Crônica de Ronaldo Rodrigues
Marquei encontro com a solidão
Ela nunca falta. Quando penso que não veio, ela me flagra dentro da caixa de sapatos. Dentro da caixa de fósforos. Dentro do aquário de segurança máxima. E me vem coisas na cabeça. Como será a solidão pra mim? Verde por trás da fumaça? Árvore desfolhada contra uma paisagem de arranha-céus? Nuvem tomando forma na tarde? Resto do navio a me pôr a salvo do naufrágio? Toco de vela rompendo a escuridão? Tartaruga em início de jornada? Canivete cego rompendo o cerco? Cisco no olho da verdade? Raio no céu do desespero? Ciranda cantada nos quintais da infância? Farol centelha lume vagalume?

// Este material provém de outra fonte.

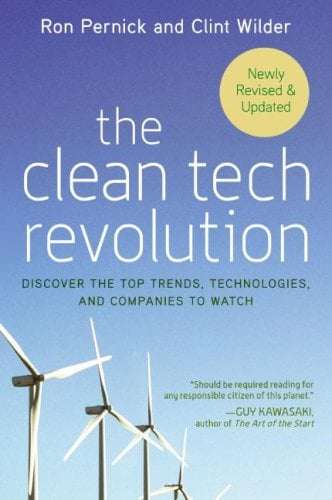 The Clean Tech Revolution - Ron Pernick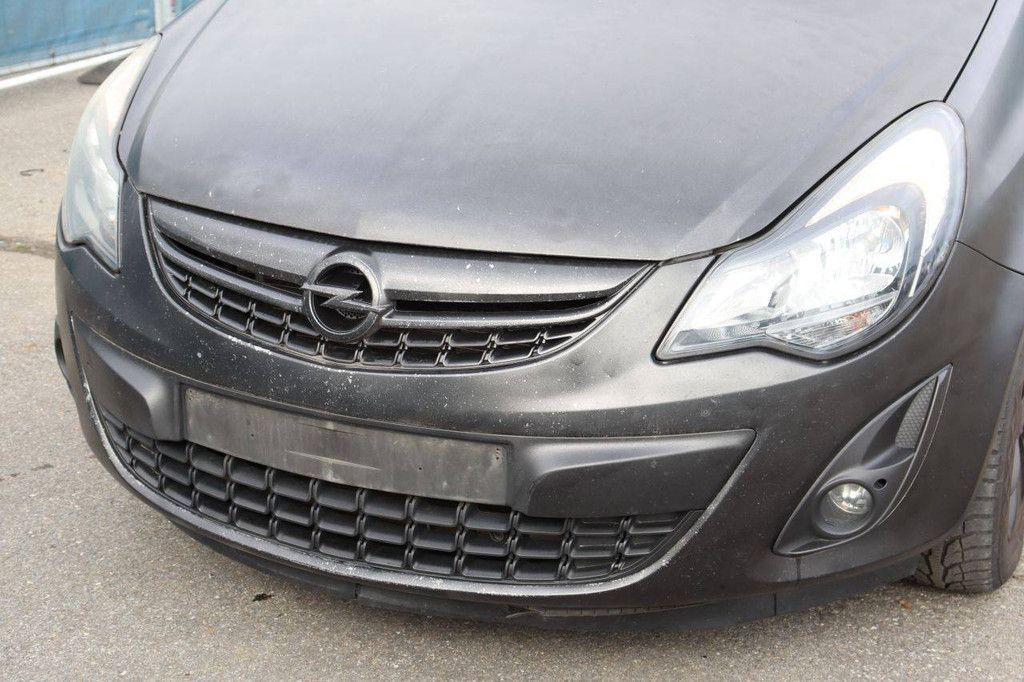 Passenger car Opel Corsa Petrol 150hp 2014 (Margin)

Não dá trégua. Marca colado. Entristece o mais feliz dos meus poemas. Anoitece de tarde e traz a madrugada no rugido do rush, exatamente ao meio dia. Inunda de tédio a larga avenida. Sangra o horizonte e violenta a violeta.
Minha solidão nunca falha
Pode falhar o goleiro, mas a minha solidão não. E nubla os olhares. Faz crescer cabelo nos pontas dos ponteiros. Alonga a brasa do cigarro. Faz o relógio perder a chance de ficar parado. Acelera a praga que virá nos destruir.
Vende-se uma solidão
Não. Não vou enganar ninguém. Minha solidão não é nova, mas também não é de segunda mão. Não tem muitas qualidades. Aliás, ser solidão é sua única qualidade. Aproveitem a ocasião, mas não estou mendigando. Compre logo essa solidão antes que eu desista de vendê-la ou antes que ela se transforme em outro sentimento. Fome, por exemplo. Aí eu requento a marmita e acabo com ela.